Falling Off the Face of the Earth
In 1993, while traveling in France, I split up with my friends to take a jaunt on my own. Someone had told me about a lovely island off the coast of France called Ile de Ré, and it sounded nice. After two trains and a bus ride over the bridge and onto the island, the remoteness of the place started to remind me of Nantucket 20 years ago, when no one really went there except those families who'd been going for 100 years. Ile de Ré had one inn—20 rooms—and it was full. Where was I going to stay? No one spoke English.
Eventually, I met a nice woman who told me she knew someone with extra rooms. She showed me where this person lived and called her to say a young man was coming. When I got there, an old woman came to the door in her bra and a big skirt. Not at all friendly. The first thing she said was the price of the room. The second was "No women." The house was old, musty, and a bit freaky.

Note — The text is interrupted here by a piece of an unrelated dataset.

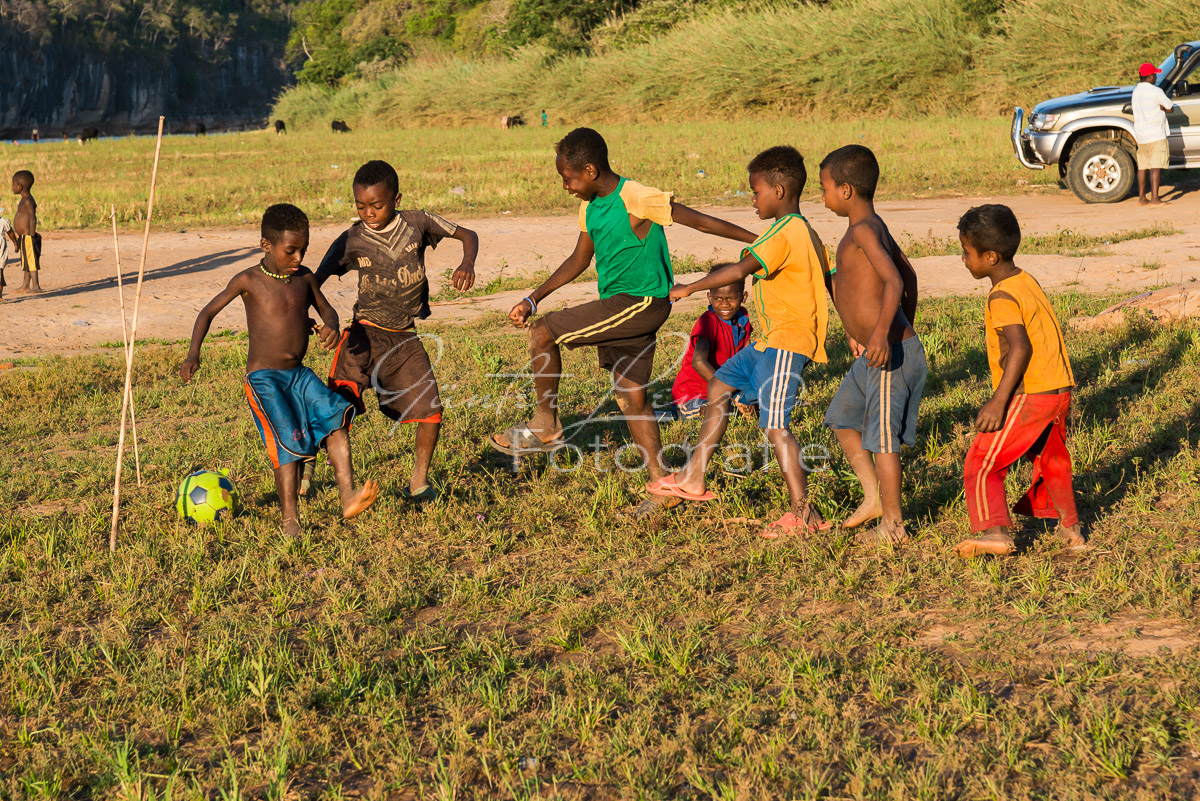 Bekopaka, Manambolo,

So I'm in my room. It feels more like a cell, very small, with a very small window. Who is this woman? Is there anyone else in the house? No one on earth knows where I am. I'm totally alone. I try to tell myself what an adventure this is. It's not working. I could die here. I decide that I want to live and I want to sleep, so I write a note, in broken French and in English: "If something happens to me here, please call, in the United States, 001-212-737-xxxx." As I drift off to sleep, I peer at the note to be sure it hasn't blown off the table. I wake up, and I'm alive. The note is right where I left it. I dress. I walk downstairs. The old woman is in her bra—does she even own a shirt? I say merci and hightail it to the bus. I still have that note.